Experts ditch paper for automated digital consent

Improving informed consent, a frequent cause of malpractice litigation, is a major challenge that could be met if more facilities used their digital systems to automate the process, according to a presentation at February's Healthcare Information and Management Systems Society meeting in San Diego.

Dr. Neil H. Baum, an associate professor of urology at Tulane Medical School in New Orleans, and Timothy Kelly, vice president at Dialog Medical Systems, highlighted flaws in the current paper-based informed consent process. They said digital medical record and document management systems can be adapted to provide more understandable and more easily managed documents for informed consent.
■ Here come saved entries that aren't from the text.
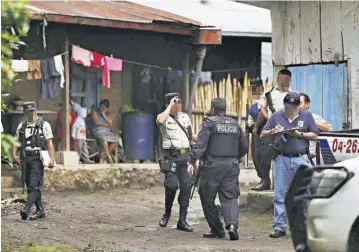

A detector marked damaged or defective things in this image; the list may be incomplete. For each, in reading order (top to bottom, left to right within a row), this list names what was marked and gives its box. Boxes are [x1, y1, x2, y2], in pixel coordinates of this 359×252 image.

rusty metal roof [25, 0, 205, 26]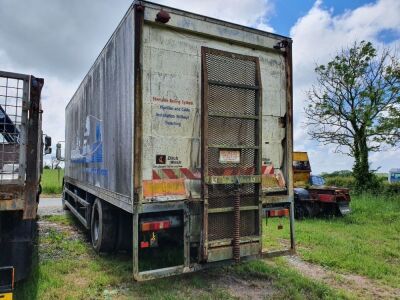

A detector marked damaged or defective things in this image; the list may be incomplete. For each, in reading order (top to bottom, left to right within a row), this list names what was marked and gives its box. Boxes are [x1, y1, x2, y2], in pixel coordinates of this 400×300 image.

rusty metal panel [65, 8, 135, 200]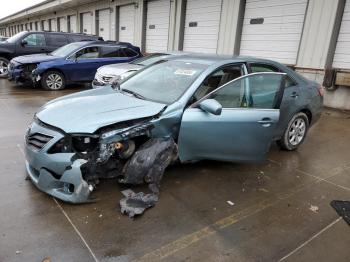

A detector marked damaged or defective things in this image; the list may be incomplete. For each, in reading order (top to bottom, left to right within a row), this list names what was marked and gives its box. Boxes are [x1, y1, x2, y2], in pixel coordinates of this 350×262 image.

crumpled front bumper [25, 119, 92, 204]
damaged hood [37, 87, 167, 133]
damaged sedan [24, 55, 324, 215]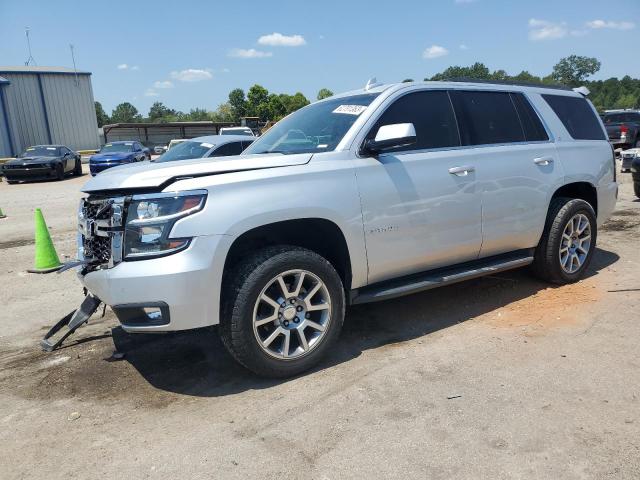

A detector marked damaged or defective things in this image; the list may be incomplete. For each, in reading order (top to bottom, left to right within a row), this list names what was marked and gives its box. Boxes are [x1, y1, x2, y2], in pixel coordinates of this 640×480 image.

crumpled hood [82, 153, 312, 192]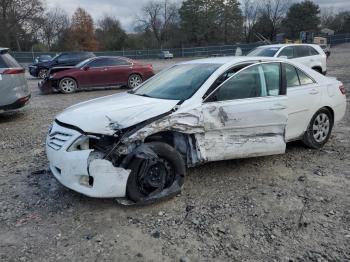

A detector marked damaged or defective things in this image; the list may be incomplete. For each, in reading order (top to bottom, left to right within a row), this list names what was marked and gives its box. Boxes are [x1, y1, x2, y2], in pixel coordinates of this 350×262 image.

broken headlight [66, 135, 89, 151]
crumpled front bumper [45, 122, 130, 198]
dented hood [57, 91, 179, 134]
damaged white car [47, 57, 348, 204]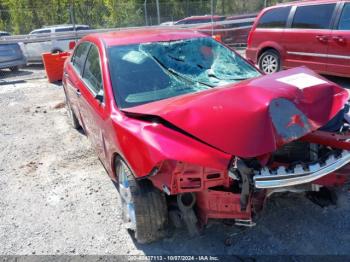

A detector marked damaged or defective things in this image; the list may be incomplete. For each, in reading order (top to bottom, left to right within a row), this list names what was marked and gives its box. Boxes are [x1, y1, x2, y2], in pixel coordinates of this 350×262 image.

A radiology malpractice expert, however, warned that while digitally generated consent forms could be the wave of the future, for many right now they could be premature at best and erroneous at worst. Systems that would generate digital consent forms remain costly and out of the reach of many facilities, said Dr. Leonard Berlin, chair of radiology at Rush North Shore Medical Center in Skokie, Illinois, and a malpractice commentator for the American Journal of Roentgenology.

"Informed consent must involve both a discussion with the physician and written confirmation of the discussion," Berlin said. "A written or digital informed consent is okay, but it has to be in addition to, not in lieu of, verbal communication."
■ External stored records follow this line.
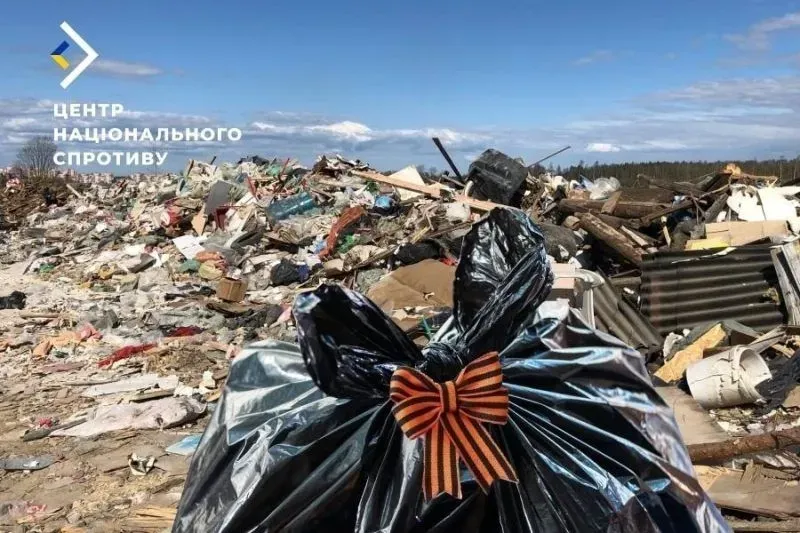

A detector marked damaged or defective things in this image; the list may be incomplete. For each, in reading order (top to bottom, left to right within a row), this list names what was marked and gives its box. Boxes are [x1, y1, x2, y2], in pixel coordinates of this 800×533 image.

broken wooden board [656, 320, 724, 382]
broken wooden board [652, 386, 728, 444]
broken wooden board [696, 466, 800, 520]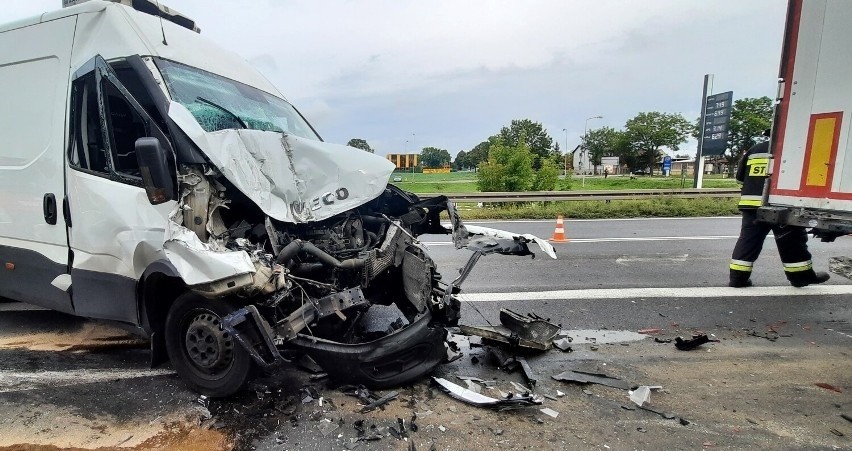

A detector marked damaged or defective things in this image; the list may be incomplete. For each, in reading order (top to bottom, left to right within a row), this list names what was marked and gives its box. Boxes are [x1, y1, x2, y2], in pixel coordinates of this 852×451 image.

damaged white van [0, 0, 556, 396]
bent hood [169, 101, 396, 223]
torn metal panel [169, 101, 396, 223]
torn metal panel [432, 378, 540, 410]
torn metal panel [552, 370, 632, 392]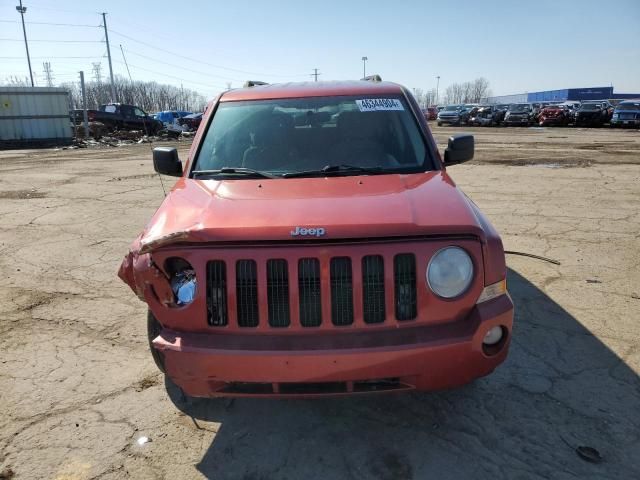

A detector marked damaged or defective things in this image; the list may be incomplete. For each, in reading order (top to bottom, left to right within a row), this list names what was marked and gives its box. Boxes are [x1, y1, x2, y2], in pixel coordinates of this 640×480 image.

cracked headlight [165, 256, 195, 306]
cracked headlight [428, 248, 472, 296]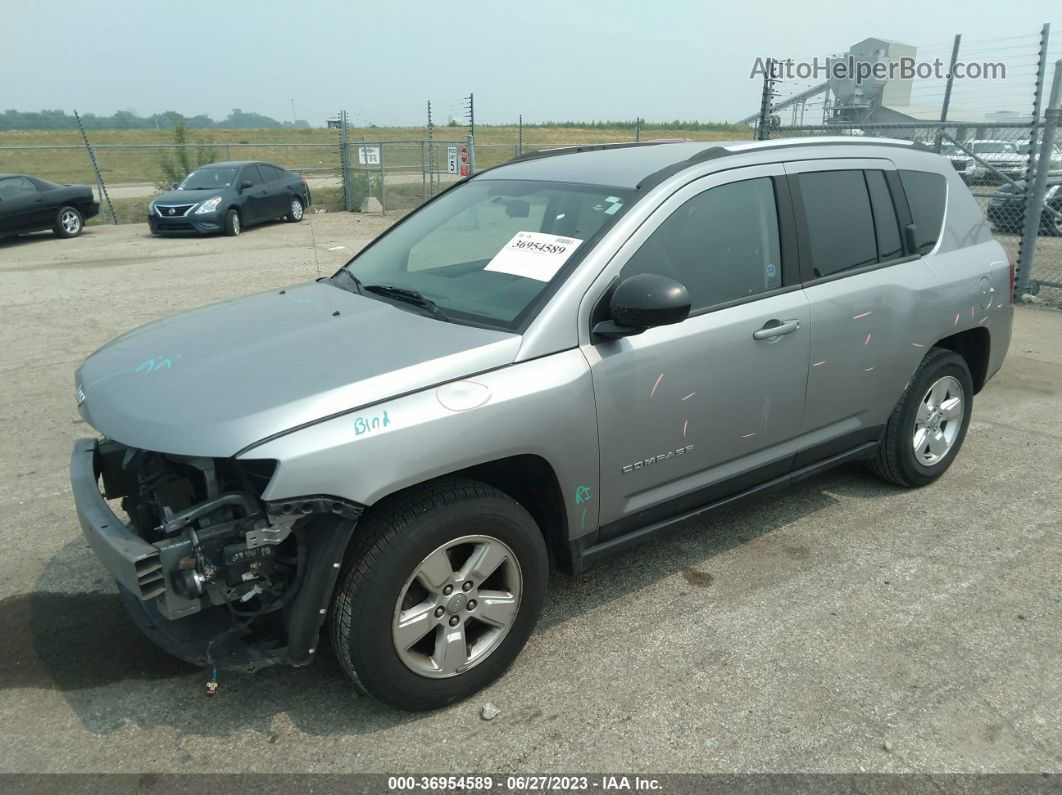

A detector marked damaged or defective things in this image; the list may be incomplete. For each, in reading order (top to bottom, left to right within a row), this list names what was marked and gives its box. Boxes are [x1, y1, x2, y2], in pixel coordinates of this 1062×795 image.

damaged front bumper [70, 437, 363, 666]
Research has demonstrated that written informed consent information is better understood by patients than verbal communication, according to Baum.

Physicians may do a good job of verbal communication in an informed consent situation, but the documentation is usually inadequate, Baum said. Informed consent is often seen as a burdensome administrative detail that involves getting a signature on a form for the legal protection of physicians and institutions.

According to the American Medical Association, informed consent involves statements covering five essential elements:

- diagnosis;

- purpose of treatment or procedure;

- risks and benefits of the treatment or procedure;

- alternatives, including risks and benefits; and

- risks and benefits of not receiving the treatment or procedure.

Problems with traditional paper form-based informed consent include limited descriptions, illegible handwriting, and use of unacceptable abbreviations. One study of 540 written consent forms from 157 hospitals found the five elements suggested by the AMA were present in only 26% of the documents, Baum said (Bottrell MM et al. Arch Surg 2000;135:26-23).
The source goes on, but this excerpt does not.